Das Erdbeben war heute Morgen in Askja zu spüren. Das bisher stärkste Erdbeben hatte eine Stärke von 3,5 und erschütterte die Erde 10.40 Uhr
Es hat seinen Ursprung im Dyngju-Gebirge im nordwestlichen Teil von Askja.
Auch die meisten Erschütterungen, die heute im Vulkan registriert wurden, sind dort zu verfolgen, da der Hagelsturm heute Morgen gegen 8 Uhr begann.
Morgunblaðið berichtete im September, dass offenbar eine langsame Veränderung der Landmasse stattgefunden habe, die zuvor kontinuierlich in Askja gemessen wurde.

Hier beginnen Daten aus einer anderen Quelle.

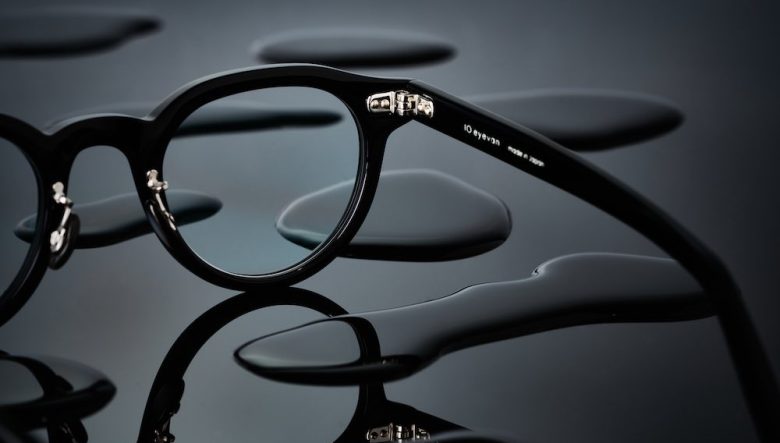墨黒で魅せるセルロイドフレーム。10 アイヴァンの重厚感あふれる限定メガネ登場。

Dies konnte aus den Messungen zweier GPS-Stationen der norwegischen Wetterbehörde auf dem Gipfel des Vulkans abgeleitet werden.
Sie haben sich am Kopf gekratzt
„Es hat den Boom auf diesen beiden Stationen langsam reduziert. „Sie sind kurz davor, zum Stillstand zu kommen, aber immer noch nicht ganz – sie sind immer noch auf dem Vormarsch“, sagte Benedikt Gunnar Ófeigsson, der Experte für Krustenbewegungen der norwegischen Meteorologiebehörde, in einem Interview mit der Zeitung.
„Aber dann gibt es noch eine andere Station, die mittendrin liegt – in Ólafsgíga, und die zeigt keine Veränderung.“ Auch an der Station in Jónsskarði, die ebenfalls innerhalb der Caldera liegt, ist keine deutliche Veränderung zu erkennen. Zumindest noch nicht“, sagte Benedikt.
Er sagte, es sei schwierig, diese Messungen so gut zu interpretieren. Es wäre seltsam, wenn Stationen, die so nahe beieinander liegen, so unterschiedliche Signale anzeigen würden.
„Wir zerbrechen uns darüber nur den Kopf. Warum die Änderung nur auf zwei Stationen sichtbar ist und nicht auf allen. Es wird einige Zeit dauern, um zu sehen, was das bedeutet und was dort wirklich vor sich geht.